● YOUR GOAL: Each line below should be restated exactly, with nothing dropped.

● RECORDS PROVIDED:

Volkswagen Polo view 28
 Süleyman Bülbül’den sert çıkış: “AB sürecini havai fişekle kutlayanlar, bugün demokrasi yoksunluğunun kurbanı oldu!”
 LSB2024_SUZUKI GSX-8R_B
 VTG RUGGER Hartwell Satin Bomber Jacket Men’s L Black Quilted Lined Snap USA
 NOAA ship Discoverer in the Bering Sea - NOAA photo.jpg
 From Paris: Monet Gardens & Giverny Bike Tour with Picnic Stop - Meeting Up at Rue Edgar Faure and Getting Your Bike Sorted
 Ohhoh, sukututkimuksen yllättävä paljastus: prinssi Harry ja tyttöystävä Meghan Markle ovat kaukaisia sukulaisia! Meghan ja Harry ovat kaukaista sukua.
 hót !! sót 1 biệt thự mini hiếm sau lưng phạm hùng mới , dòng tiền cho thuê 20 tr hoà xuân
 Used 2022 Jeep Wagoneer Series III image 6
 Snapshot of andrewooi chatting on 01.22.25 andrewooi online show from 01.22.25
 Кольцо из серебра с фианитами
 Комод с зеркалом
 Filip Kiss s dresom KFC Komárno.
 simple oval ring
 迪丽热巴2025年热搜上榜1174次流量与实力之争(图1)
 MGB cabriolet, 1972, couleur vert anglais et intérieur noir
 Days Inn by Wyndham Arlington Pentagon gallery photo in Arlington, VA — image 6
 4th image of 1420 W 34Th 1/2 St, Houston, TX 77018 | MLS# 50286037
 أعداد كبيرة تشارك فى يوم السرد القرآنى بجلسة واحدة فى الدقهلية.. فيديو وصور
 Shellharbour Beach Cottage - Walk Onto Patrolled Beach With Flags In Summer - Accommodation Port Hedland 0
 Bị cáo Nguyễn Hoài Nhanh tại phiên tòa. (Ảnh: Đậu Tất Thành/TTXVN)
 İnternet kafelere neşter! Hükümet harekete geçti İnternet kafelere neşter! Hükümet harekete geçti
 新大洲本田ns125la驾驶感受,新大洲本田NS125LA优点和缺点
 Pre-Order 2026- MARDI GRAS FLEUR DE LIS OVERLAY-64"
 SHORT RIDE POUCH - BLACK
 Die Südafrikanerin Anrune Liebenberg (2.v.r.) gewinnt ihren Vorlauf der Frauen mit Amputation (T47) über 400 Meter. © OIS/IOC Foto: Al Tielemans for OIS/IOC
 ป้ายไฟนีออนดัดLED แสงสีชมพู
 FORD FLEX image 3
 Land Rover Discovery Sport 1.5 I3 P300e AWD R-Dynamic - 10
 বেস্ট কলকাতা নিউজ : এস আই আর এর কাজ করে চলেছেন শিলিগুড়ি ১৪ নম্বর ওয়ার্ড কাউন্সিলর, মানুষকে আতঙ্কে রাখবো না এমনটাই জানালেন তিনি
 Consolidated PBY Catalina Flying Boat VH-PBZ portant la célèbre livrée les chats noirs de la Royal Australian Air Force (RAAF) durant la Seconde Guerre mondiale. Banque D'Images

● RESPONSE TO THE EXERCISE:
Volkswagen Polo view 28
 Süleyman Bülbül’den sert çıkış: “AB sürecini havai fişekle kutlayanlar, bugün demokrasi yoksunluğunun kurbanı oldu!”
 LSB2024_SUZUKI GSX-8R_B
 VTG RUGGER Hartwell Satin Bomber Jacket Men’s L Black Quilted Lined Snap USA
 NOAA ship Discoverer in the Bering Sea - NOAA photo.jpg
 From Paris: Monet Gardens & Giverny Bike Tour with Picnic Stop - Meeting Up at Rue Edgar Faure and Getting Your Bike Sorted
 Ohhoh, sukututkimuksen yllättävä paljastus: prinssi Harry ja tyttöystävä Meghan Markle ovat kaukaisia sukulaisia! Meghan ja Harry ovat kaukaista sukua.
 hót !! sót 1 biệt thự mini hiếm sau lưng phạm hùng mới , dòng tiền cho thuê 20 tr hoà xuân
 Used 2022 Jeep Wagoneer Series III image 6
 Snapshot of andrewooi chatting on 01.22.25 andrewooi online show from 01.22.25
 Кольцо из серебра с фианитами
 Комод с зеркалом
 Filip Kiss s dresom KFC Komárno.
 simple oval ring
 迪丽热巴2025年热搜上榜1174次流量与实力之争(图1)
 MGB cabriolet, 1972, couleur vert anglais et intérieur noir
 Days Inn by Wyndham Arlington Pentagon gallery photo in Arlington, VA — image 6
 4th image of 1420 W 34Th 1/2 St, Houston, TX 77018 | MLS# 50286037
 أعداد كبيرة تشارك فى يوم السرد القرآنى بجلسة واحدة فى الدقهلية.. فيديو وصور
 Shellharbour Beach Cottage - Walk Onto Patrolled Beach With Flags In Summer - Accommodation Port Hedland 0
 Bị cáo Nguyễn Hoài Nhanh tại phiên tòa. (Ảnh: Đậu Tất Thành/TTXVN)
 İnternet kafelere neşter! Hükümet harekete geçti İnternet kafelere neşter! Hükümet harekete geçti
 新大洲本田ns125la驾驶感受,新大洲本田NS125LA优点和缺点
 Pre-Order 2026- MARDI GRAS FLEUR DE LIS OVERLAY-64"
 SHORT RIDE POUCH - BLACK
 Die Südafrikanerin Anrune Liebenberg (2.v.r.) gewinnt ihren Vorlauf der Frauen mit Amputation (T47) über 400 Meter. © OIS/IOC Foto: Al Tielemans for OIS/IOC
 ป้ายไฟนีออนดัดLED แสงสีชมพู
 FORD FLEX image 3
 Land Rover Discovery Sport 1.5 I3 P300e AWD R-Dynamic - 10
 বেস্ট কলকাতা নিউজ : এস আই আর এর কাজ করে চলেছেন শিলিগুড়ি ১৪ নম্বর ওয়ার্ড কাউন্সিলর, মানুষকে আতঙ্কে রাখবো না এমনটাই জানালেন তিনি
 Consolidated PBY Catalina Flying Boat VH-PBZ portant la célèbre livrée les chats noirs de la Royal Australian Air Force (RAAF) durant la Seconde Guerre mondiale. Banque D'Images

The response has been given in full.